* [Instructions for the task]
Give all of the data below again exactly, and drop the images.

* [Supplied material]
☆ ☆ ☆ ☆
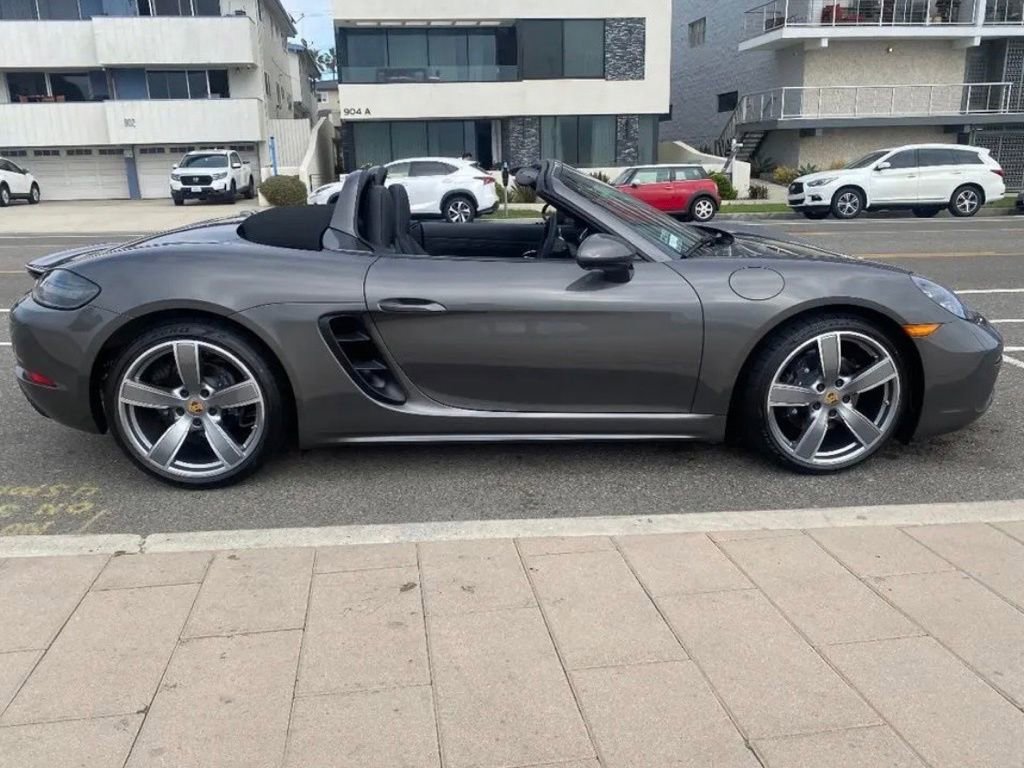 Used 2022 Porsche 718 Boxster RWD image 12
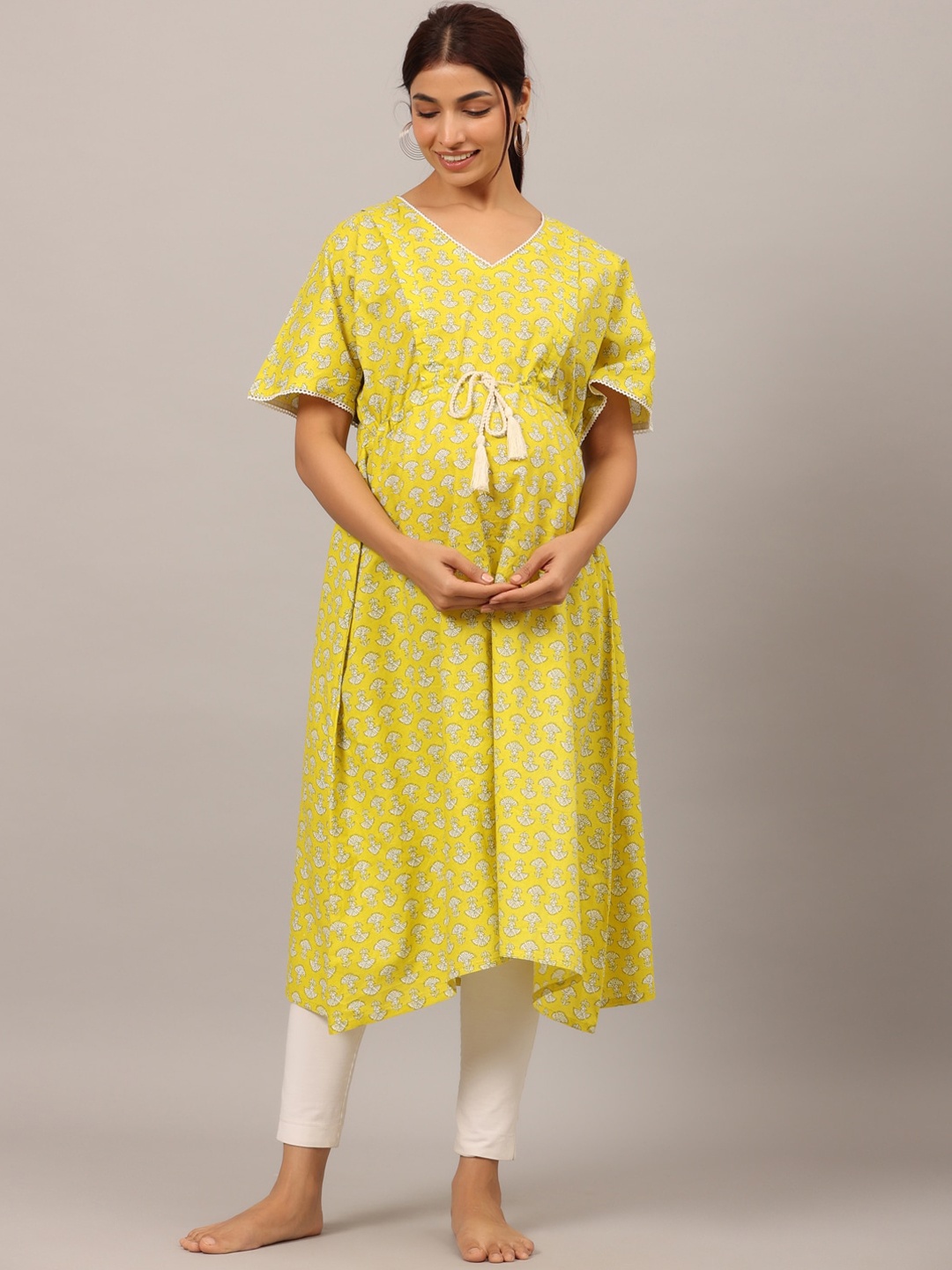 

Ikk Kudi by Seerat Ethnic Motifs Printed Maternity Cotton Kurta, Yellow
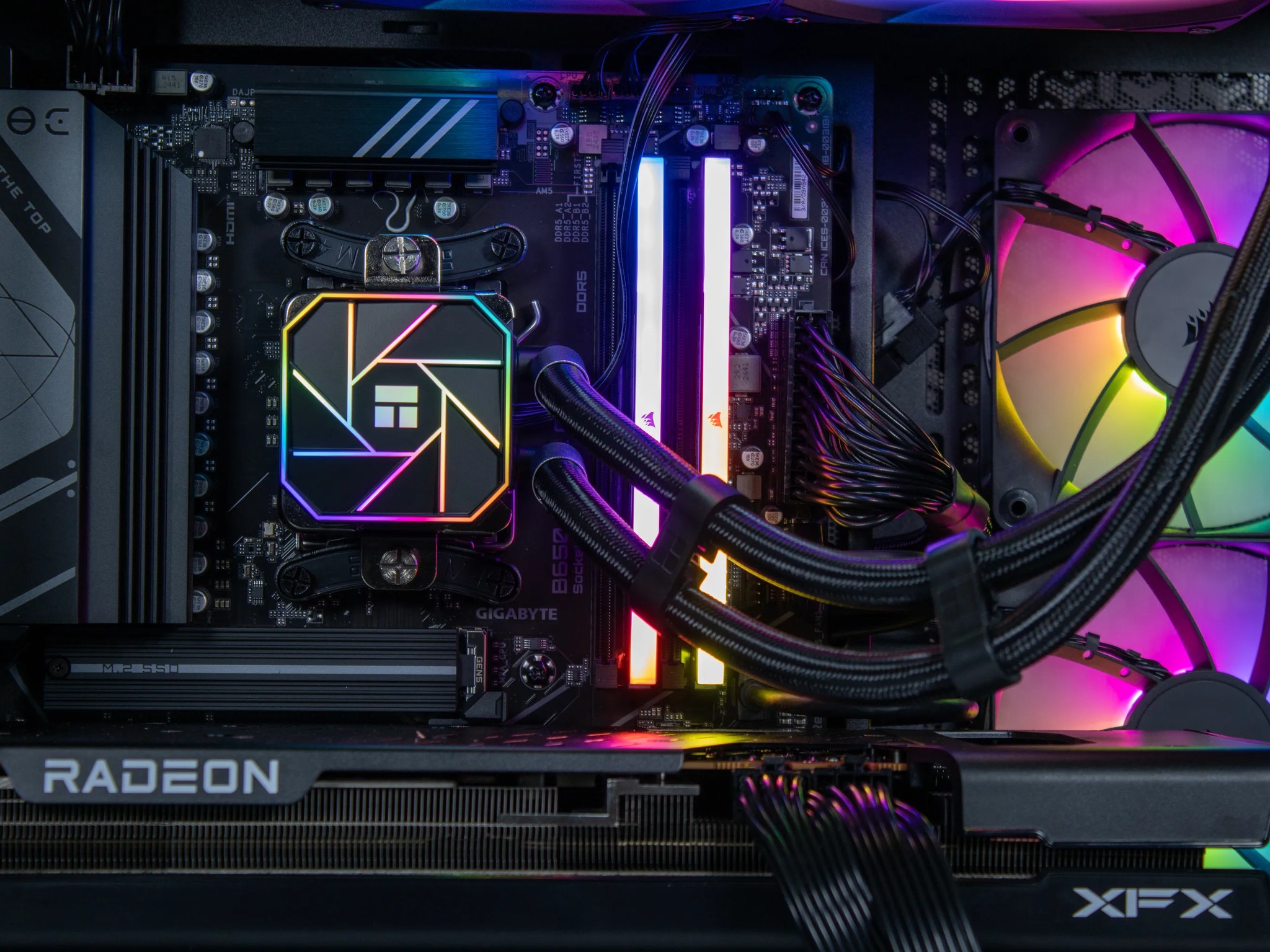 Ultra Units: Ryzen 7600x | RX 7700 XT | 32GB DDR5 | 2TB M.2 | 80+ GOLD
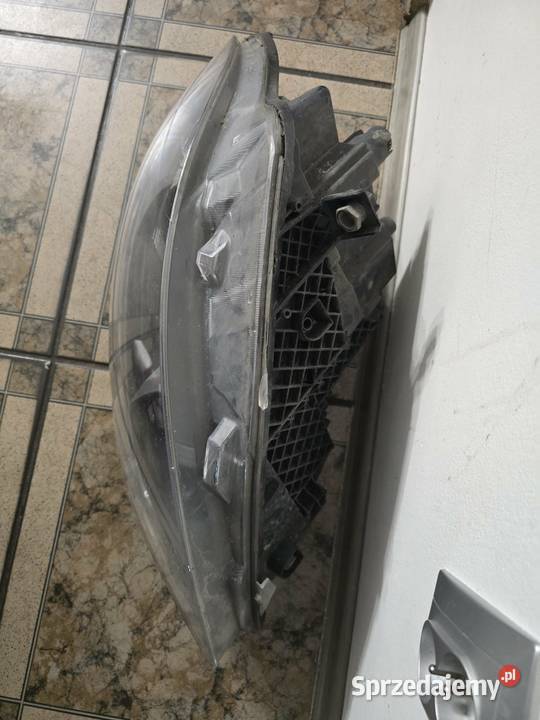 Reflektory przednie Mercedes Benz w477 Ząbki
☆ ☆ ☆ ☆
* [Expected answer]
 Used 2022 Porsche 718 Boxster RWD image 12

Ikk Kudi by Seerat Ethnic Motifs Printed Maternity Cotton Kurta, Yellow
 Ultra Units: Ryzen 7600x | RX 7700 XT | 32GB DDR5 | 2TB M.2 | 80+ GOLD
 Reflektory przednie Mercedes Benz w477 Ząbki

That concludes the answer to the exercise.